Reading Online Novel

A Brood of Vipers(58)





Remembering that an assassin was abroad, I scurried across to my saddlebag and threw a towel round the most precious part of my anatomy. When I turned, the Lady Bianca was standing there, eyes glistening, wetting her lips as if she was some heifer and I some prize bullock at Smithfield.



'Oh!' she said in mock pity. 'Master Shallot, you are bruised and cut.'



She came up, swaying slightly from the cups of wine she had downed, pressing her taffeta close against me, her plump pretty face raised, staring up at me with eyes fluttering and lips half-open.



'Shall I dress your wound?' she asked throatily. Then she laughed. 'When you returned, we could smell you before we saw you! But, Master Shallot, you are a man.' Her hand went down and grasped my genitals. 'Oh, yes!'



(Excuse me, my little chaplain's shoulders have gone rigid and he is not writing properly. Oh, I know what he is thinking, the filthy-minded turd! Here goes old Shallot again, bouncing around with anyone in petticoats! Now that didn't happen. 'Ah!' he sighs in disappointment.)

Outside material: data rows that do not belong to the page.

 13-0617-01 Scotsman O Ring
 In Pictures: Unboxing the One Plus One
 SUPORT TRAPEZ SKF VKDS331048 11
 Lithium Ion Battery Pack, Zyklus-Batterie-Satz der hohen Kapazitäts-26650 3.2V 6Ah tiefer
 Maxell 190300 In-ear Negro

Lady Bianca was becoming excited and so was I, though I was petrified. Two duels in one day was testing fortune. I did not want any enraged Roderigo thirsting for my blood. In the event my virtue was saved by another knock on the door. Lady Bianca stepped backwards. I wrapped the towel round me as Beatrice flounced in.



'Mother, can I help?'



If I had not been so terrified I would have burst out laughing.

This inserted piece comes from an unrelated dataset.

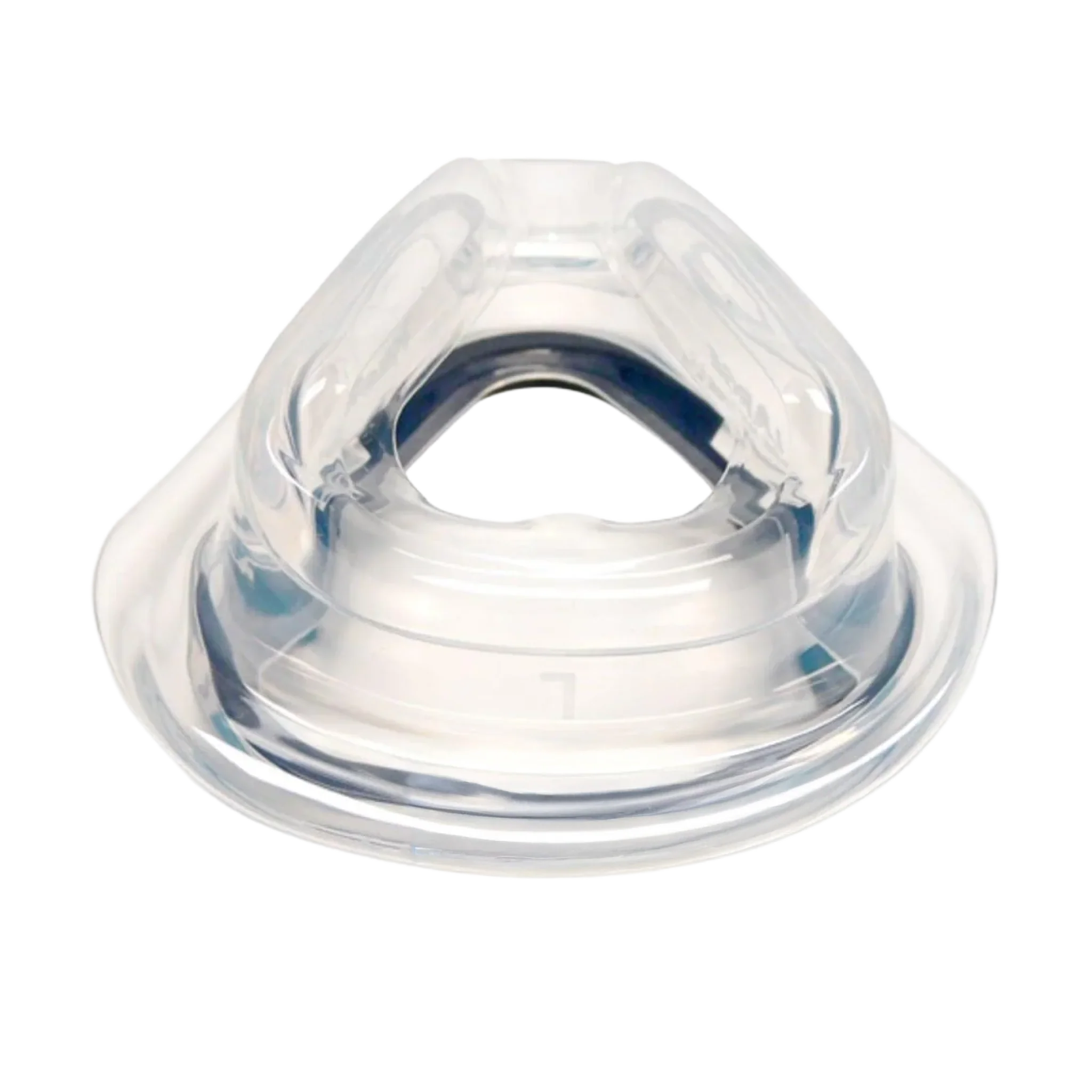 ActiveCell Cushion with Clip for Mirage Activa LT and Mirage SoftGel - Image 4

Bianca assumed all the airs of an outraged duchess.



'Master Shallot has been wounded, he may need our help.' Beatrice looked at the bulge beneath the towel. 'Yes,' she said drily, ‘I can see that. But the Lord Roderigo awaits.'



She opened the door and her mother stalked out. Beatrice closed it behind her and grinned at me.

'Perhaps tomorrow, Master Shallot? In the evening. The servants will go to the carnival. Perhaps I can help you with your wound?'



I just nodded. She smiled once more and slammed the door behind her. Poor Beatrice! Poor Bianca! Poor Albrizzis! Years later my master confessed that he made a dreadful mistake that night and I am forced to agree. I returned, fully dressed, to the table. Benjamin was seated there, regaling them with fictitious stories about our visit to Florence. Oh, it was a sweet night, well after midnight, the witching hour which brews murder. Benjamin now waited for me to join him as he proceeded to compare Florence with London.

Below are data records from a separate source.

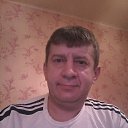 ���� �������, ��������, 53 ���� - ��������� 2 ��� 2016 � ������ ���� ����������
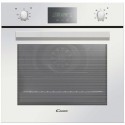 FPE649A/6W Oven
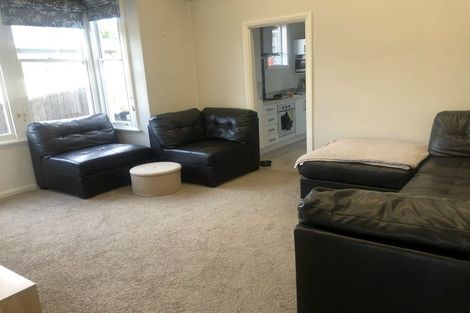 Photo of property in 403 South Road, Caversham, Dunedin, 9012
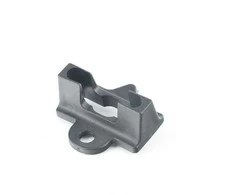 Bmw 7 Serija E65 E66 Twist Apsauga Originalus 51237141051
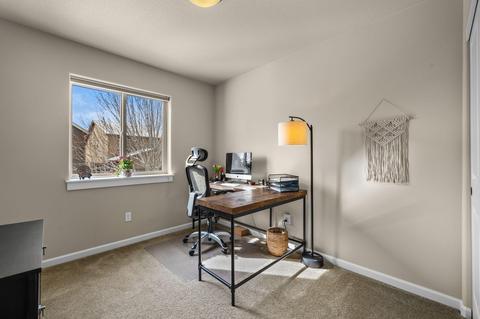 20733 NE Comet Ln, Bend, OR 97701 photo 16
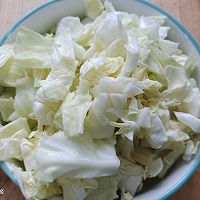 ںʽըͼƬ2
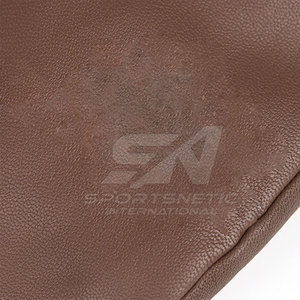 Breathable Warm <b>Ski</b> <b>Gloves</b> With Adjustable Wrist <b>Ski</b> <b>Gloves</b> For Snow Activities And Comfort - Product Image 6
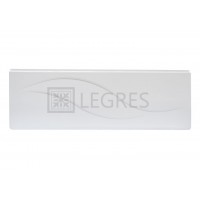 Панель для ванны Roca Linea 160 (A25T012000)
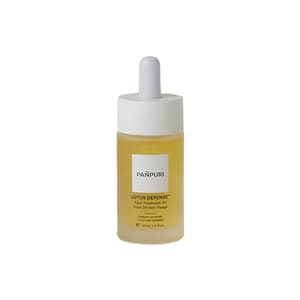 Lotus Defense™ Face Treatment Oil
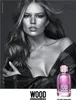 Dsquared2 Wood Eau De Toilette Spray 50ml Produktbild-Vorschau 11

'And how did you find the Lord Cardinal?' Enrico interrupted.



'He was most gracious.'



'And Borelli?' Lord Roderigo asked.



'He has promised that he will consider our offer,' Benjamin lied, it seems likely that he will accompany us back to England.'

I dug my face into the deep-bowled wine goblet, embarrassed and rather flattered by the way Bianca and Beatrice were staring at me.

'And so you will return to England,' Alessandro drawled, 'with my father's murderer still unmasked?'



'Did I say that?' Benjamin said.

I gazed quickly around the table. The lies Benjamin had



told up to then had provoked not so much as a flicker of astonishment or puzzlement, but his comment now came like an icy wind across that warm, perfume-filled garden. Beatrice was staring at him, leaning across the table. She touched his wrist.



'What is it you say?'



Benjamin said deliberately, ‘I think I know who the assassin is.'



'Tell us now!' Giovanni hissed, flailing his hand out and knocking a wine cup across the table. 'Tell us now!'

'I cannot,' Benjamin said. 'We have not yet collected all the evidence.' He picked up his wine cup. 'But I have said enough. No one at this table need fear us.'

Oh, Lord, the folly of youth! What we thought was such a subtle ploy! But, in fairness, who can fathom the mind of a killer? Follow the sinister byways of his heart? Perceive clearly the blackness of his soul? Benjamin had used such a device before to flush out a murderer. But this was different. We were playing chess with human lives and the killer was moving faster than us. God knows, I still blame myself. Yet perhaps the bloody and horrific climax of that Florentine business was fated and may have happened anyway.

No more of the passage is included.